From a deployment perspective, we want to hide the complexities of scaling out from the user, so we deploy the whole stack at a time. When one instance/slice of the stack runs out of capacity (CPU/disk/memory), we can spin up another, and add more capacity. We can keep doing this as necessary to handle the scale.

Although adding nodes to an existing cluster is something that can be done at any time, there is a slight cost when doing so. As just mentioned, it is important when adding new nodes that they are sized the same as the existing cluster nodes; this will ensure during a rebalance operation that the load is distributed equally between the cluster nodes:

When adding new nodes to the cluster sometime after initial deployment, it is recommended that the Rebalance Disk option be selected under Cluster Management. As seen in the preceding figure, the warning advises that this is a very disruptive operation that may take hours and, as such, it is recommended that this be a planned maintenance activity. The amount of time this operation will take will vary depending on the size of the existing cluster and the amount of data in the FSDB. As you can probably imagine, if you are adding the eighth node to an existing seven-node cluster with tens of thousands of resources, there could potentially be several TBs of data that need to be re-sharded over the entire cluster. It is also strongly recommended that when adding new nodes the disk capacity and performance match that of existing nodes, as the Rebalance Disk operation assumes this is the case.

This activity is not required to start receiving the compute and network load balancing benefits of the new node. This can be achieved by selecting the Rebalance GemFire option, which is a far less disruptive process. As per the description, this process re-partitions the JVM buckets, balancing the memory across all active nodes in the GemFire federation. With the GemFire cache balanced across all nodes, the compute and network demand should be roughly equal across all the nodes in the cluster.

Although this allows early benefit from adding a new node into an existing cluster, unless a large number of new resources is discovered by the system shortly afterward, the majority of disk I/O for persisted, sharded data will occur on other nodes.
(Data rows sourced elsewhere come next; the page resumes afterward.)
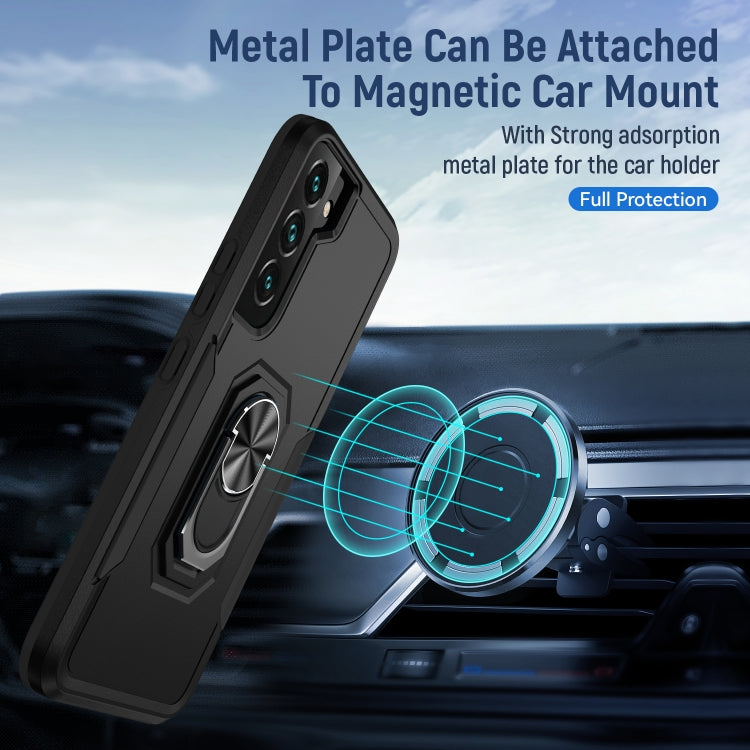 For Samsung Galaxy S22 5G Pioneer Armor Heavy Duty PC + TPU Holder Phone Case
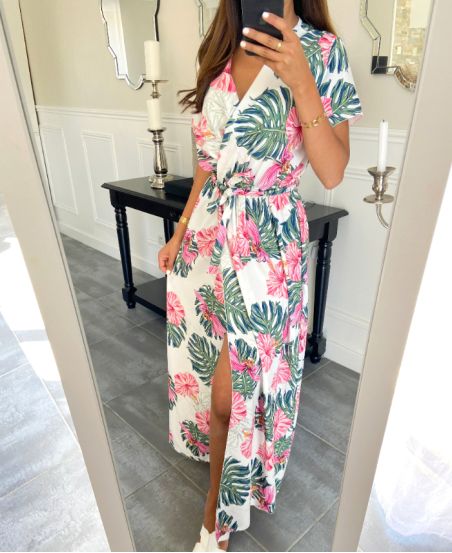 LONG SLIT DRESS PE1157 WHITE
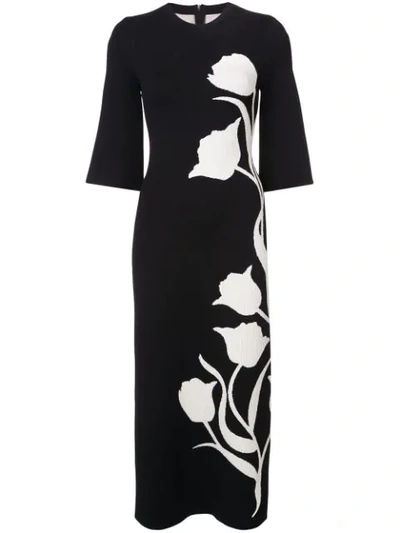 Carolina Herrera Long Sleeve Tulip Jacquard Midi Dress In Black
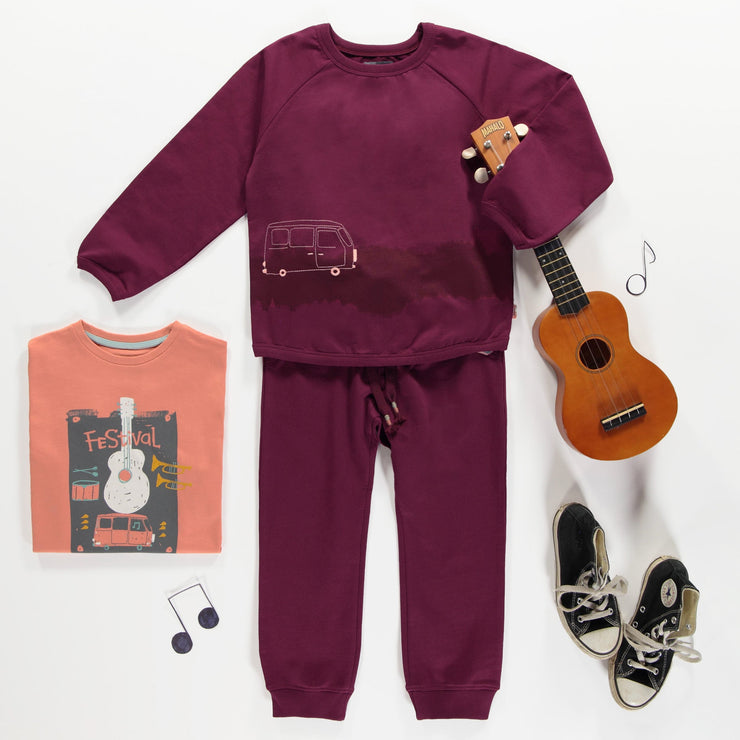 Chandail bourgogne en coton français, enfant || Burgundy sweater in french terry, child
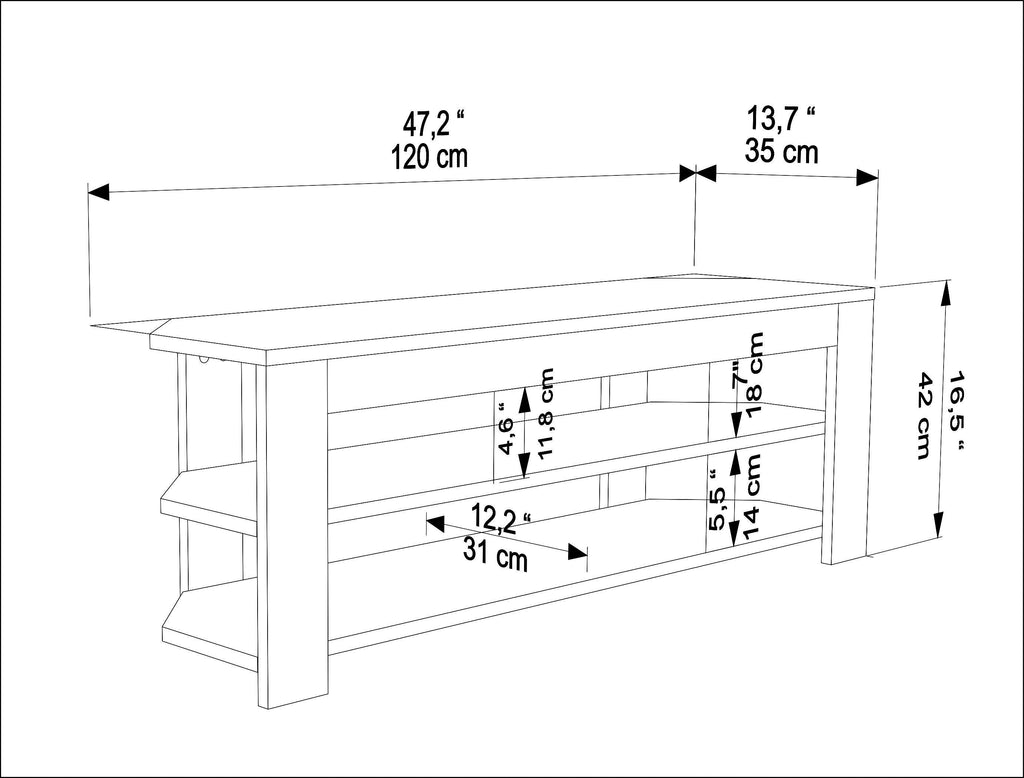 Rita Space-Saving Corner TV Stand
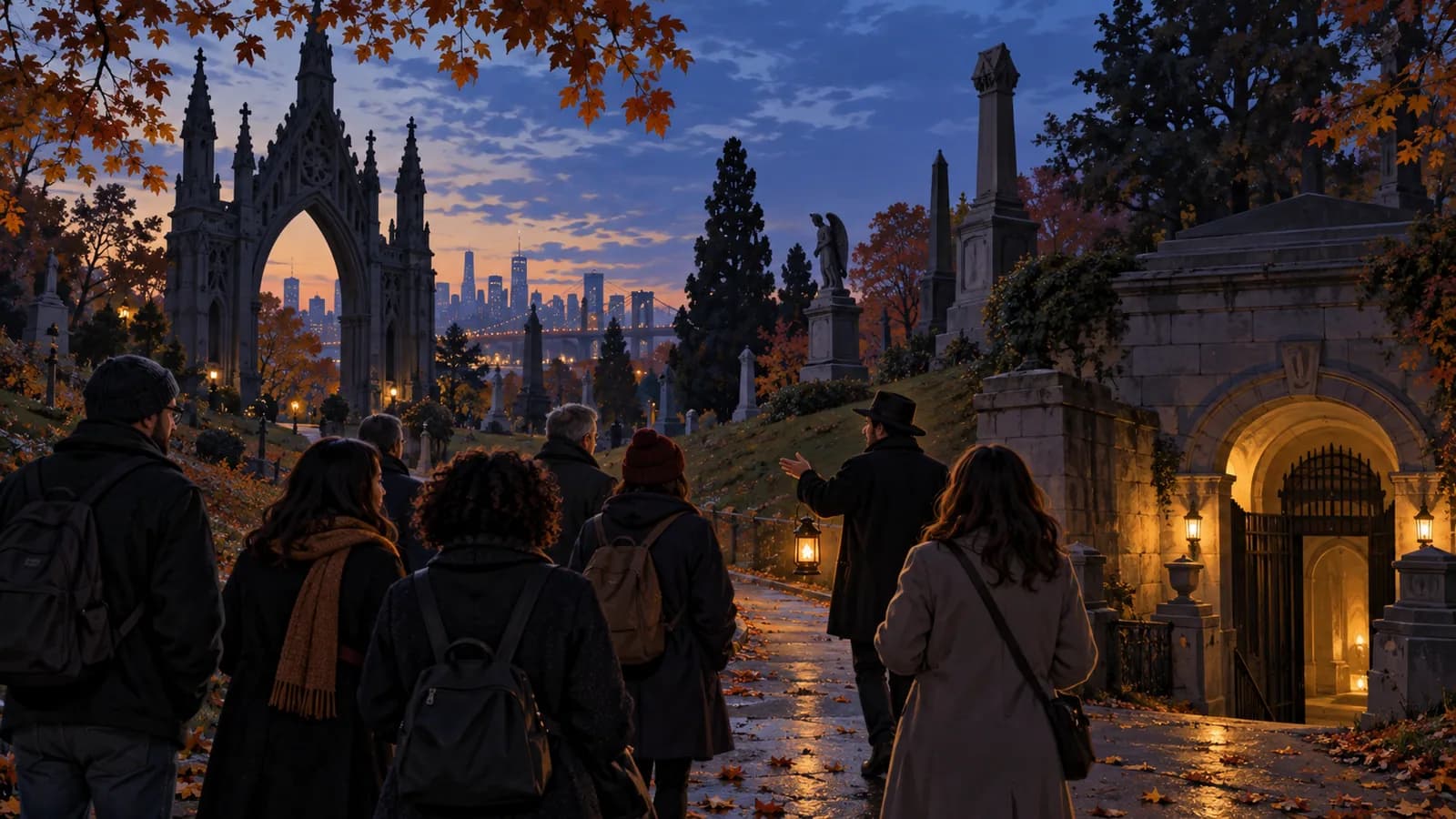 An illustrated evening walking group in Green-Wood Cemetery near the Gothic arch and a warmly lit catacomb entrance.
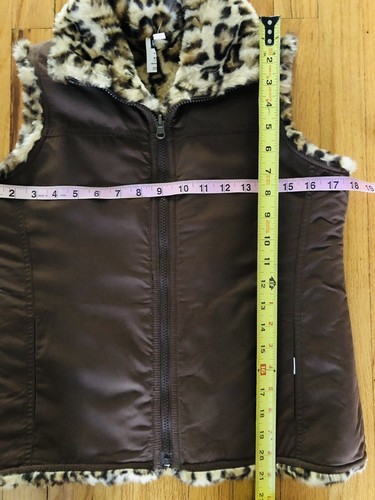 GIRLS GAP REVERSIBLE FAUX FUR LINED LEOPARD PRINT VEST BROWN XXL14/16 EXCELLENT - Picture 10 of 12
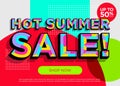 Hot Summer Sale Vector Banner. Bright Colorful Special Offer.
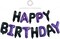 Happy Birthday Foil Balloon Banner – 16" Mylar Letter Balloons, Reusable Birthday Sign for Kids, Adults & Halloween Party Decorations (Black & Purple)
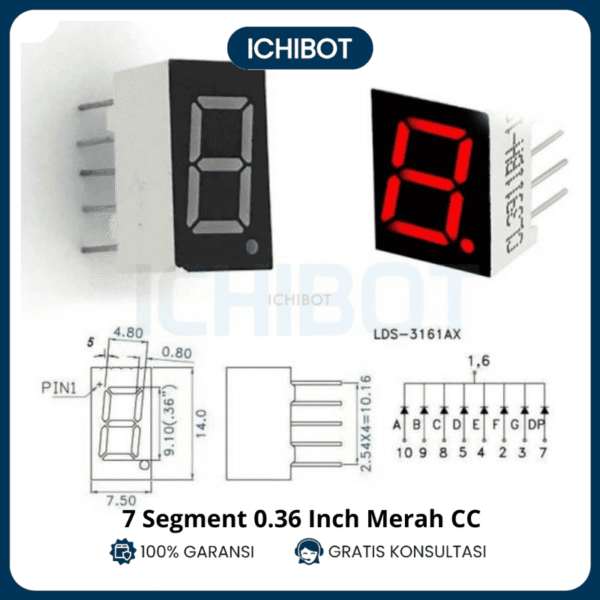 7 Segment 0.36 inch LED Display Single Merah Red CC Common Cathode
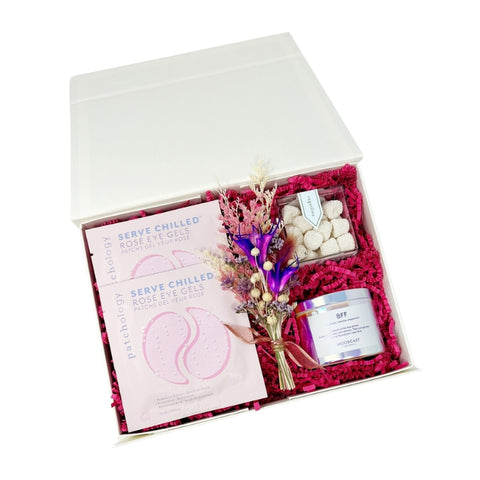 BFF Valentine's Day Galentine's Day gift box with rose eye gels, champagne flavored gummies, a BFF candle and dried floral bundle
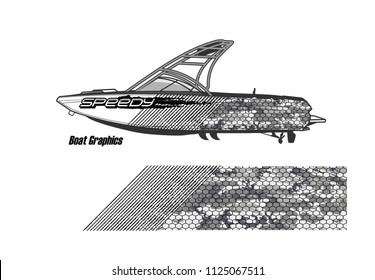 boat decal Graphic vector. abstract  background design for vehicle vinyl wrap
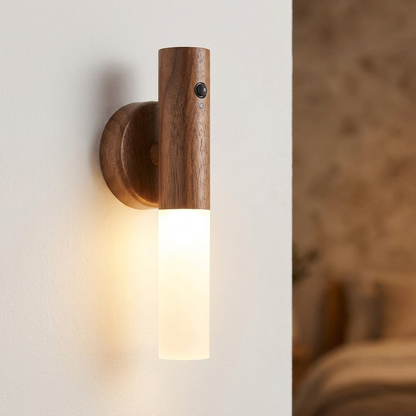 Walnut wall night light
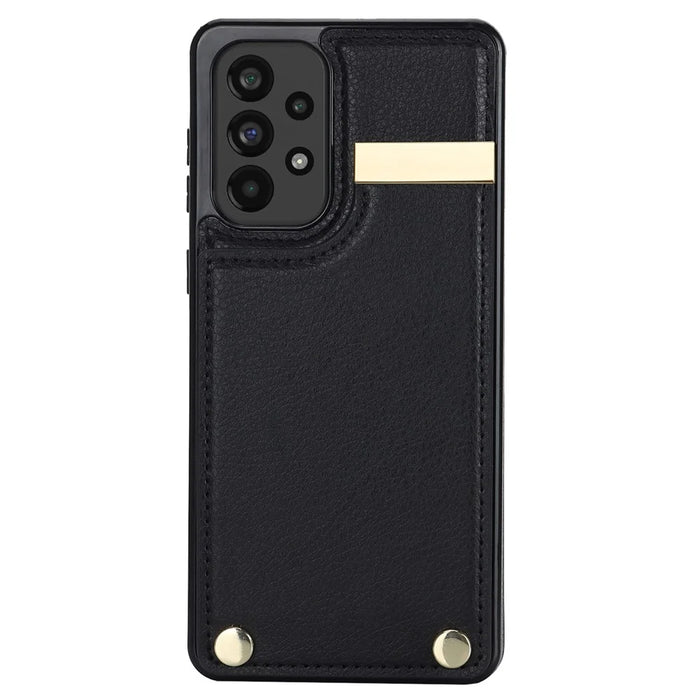 For Samsung Galaxy A73 5G Cover Hardware Decor Card Bag Shockproof TPU+Leather Cell Phone Case - Black - 2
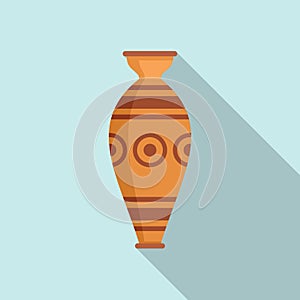 Ancient greek vase icon flat vector. Antique pottery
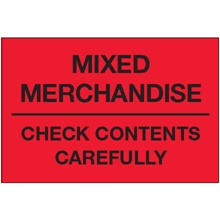 2 x 3" - "Mixed Merchandise - Check Contents Carefully" (Fluorescent Red) Labels image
Apart from adding nodes, vRealize Operations also allows the removal of a node at any time, as long as it has been taken offline first. This can be valuable if a cluster was originally oversized for a requirement, and is considered a waste of physical compute resource; however, this task should not be taken lightly, as the removal of a data node without HA enabled will result in the loss of all metrics on that node. As such, it is recommended that removing nodes from the cluster is generally avoided.

If the permanent removal of a data node is necessary, ensure HA is first enabled to prevent data loss.